British Prime Minister Theresa May has visited a hospital where she spoke to victims of the terrorist attack near Parliament as well as hospital staff.
About 40 people were injured in the attack, of whom 29 remain in hospital, seven in critical condition. Four people, including the attacker, died.
"She has signed the book of condolence and she has recently returned to Number 10 (Downing Street) after a private visit to a hospital where she spent around 40 minutes speaking with victims of yesterday's events, ward staff, clinical staff ... to thank them for their work," the spokesman told reporters.

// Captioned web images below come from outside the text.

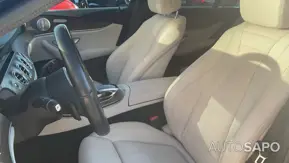 Mercedes-Benz Classe E de 2019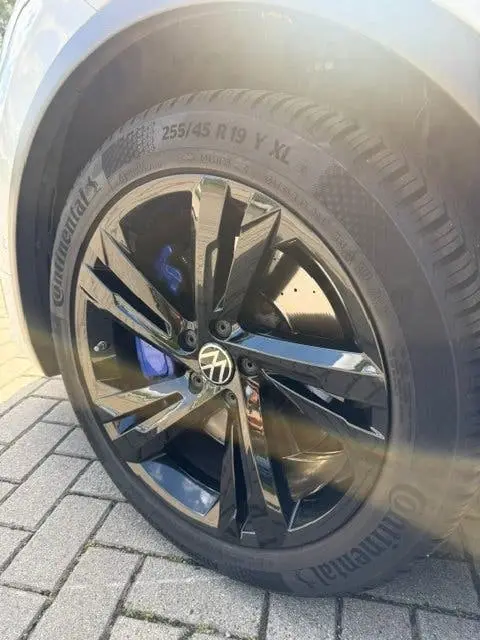 Volkswagen Tiguan 2.0 TSI R 75 Edition 4Motion 320PK pano uit 2021, foto 7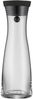 WMF Basic Wasserkaraffe aus Glas 1 Liter gold Bild 2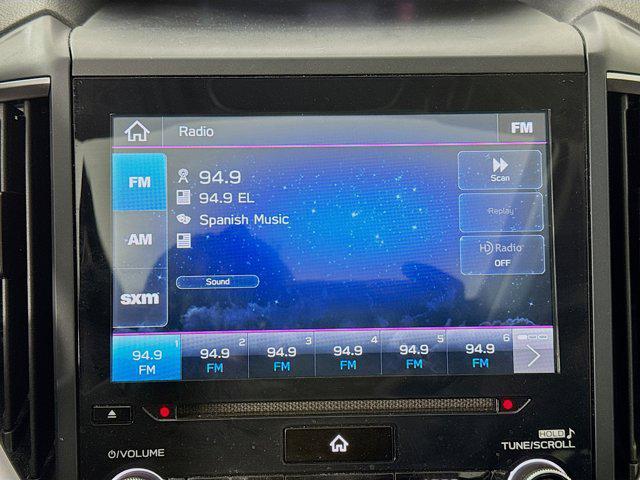 used 2020 Subaru Forester car, priced at $22,000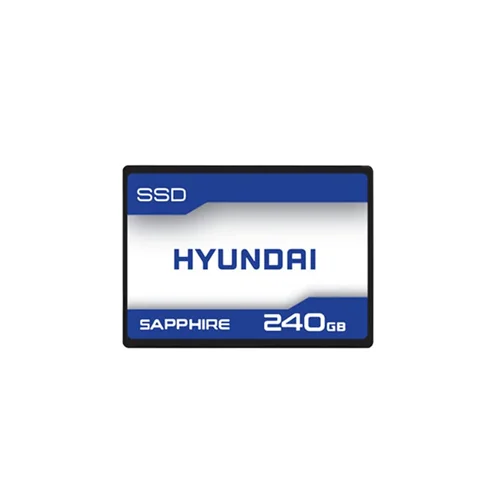 اس اس دی اینترنال هیوندای مدل SAPPHIRE ظرفیت 240 گیگابایت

May also met Queen Elizabeth on Wednesday evening (UK time) for a regular meeting, he said.
Earlier on Thursday the UK PM had addressed Parliament and confirmed that the attacker, later revealed to be 52-year-old Khalid Masood, was British-born.
"What I can confirm is that the man was British-born and that some years ago he was once investigated by MI5 in relation to concerns about violent extremism," she told MPs in her first House of Commons speech after the attack.

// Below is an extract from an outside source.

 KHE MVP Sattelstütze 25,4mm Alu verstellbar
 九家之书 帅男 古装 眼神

"This was an attack on free people everywhere and on behalf of the British people I would like to thank our friends and allies around the world who have made it clear they stand with us."
May said that by continuing with life as normal, Londoners and Britons were sending a message to the terrorists that they will not win.
"The greatest response lies not in the words of politicians, but in the every day actions of ordinary people. For beyond these walls today, in scenes repeated in towns and cities across the country, millions of people are going about their days and getting on with their lives," she said.
"The streets are as busy as ever, the offices full, the coffee shops and cafes bustling.
"As I speak, millions will be boarding planes and aeroplanes to travel to London and to see for themselves the greatest city on Earth.
"It is in these actions - millions of acts of normality - that we find the best response to terrorism."